From the book Anti/Idealism

  • Gert Hofmann

Abstract

In 1796, having just returned to Nürtingen from a yearlong sojourn in Jena under the auspices of his intellectual benefactor Schiller, Hölderlin reveals in a letter to his friend Immanuel Niethammer his plan of writing “Neue Briefe über die ästhetische Erziehung” (“New Letters on the Aesthetic Education”). The title is an overtly impudent affront to Schiller, whose “Briefe über die ästhetische Erziehung des Menschen” (“Letters on the Aesthetic Education of Man”) dominate at the time the discourse on aesthetics and philosophical anthropology (published in Schiller’s own journal Horen in 1795). Staging his argument in radical opposition to Schiller, he emphasises that he wants to “make disappear” the antagonism between “our Self and the world” in a theoretical approach, i. e. as an immediate “intellectual intuition, without practical reason having to come to our aid.” Criticising Schiller’s Spieltheorie, Hölderlin aims to develop human “aesthetic sense” as an intellectual capacity in its own right, and as a genuine way to undercut the Kantian aporia between intelligible freedom and empirical necessity, without degrading the aesthetic sense of art and poetry to a playground of propaedeutic exercise for the advancement of practical reason.
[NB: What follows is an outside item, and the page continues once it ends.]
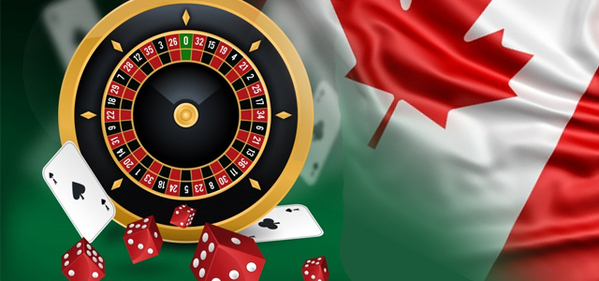 Online casino in Canada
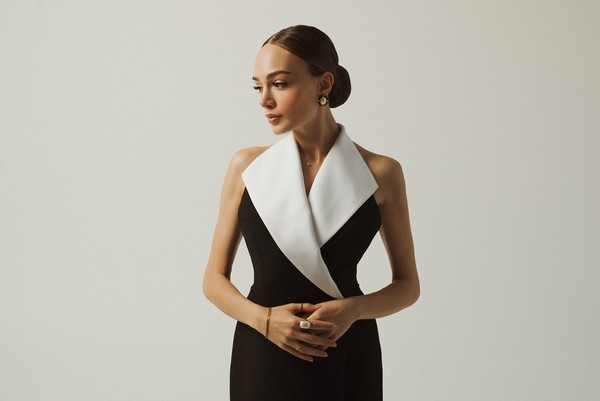 Триггер. Поэтический вечер Анны Егоян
Even though Hölderlin never realised this project of “Neue Briefe,” in some of his latest writings before his final mental breakdown, he seems to have undertaken a radical attempt to formulate some of the principles of a post-idealist poetic which propagates a sovereign aesthetic sense of Zärtlichkeit (tenderness) and suggests an intellectual experience (rather than intuition) of the ultimately groundless shape of human life in an aesthetic of “tenderness” which appears to be subject to the corporeal conditions of human existence before being manifested in the transcendental realm of human consciousness.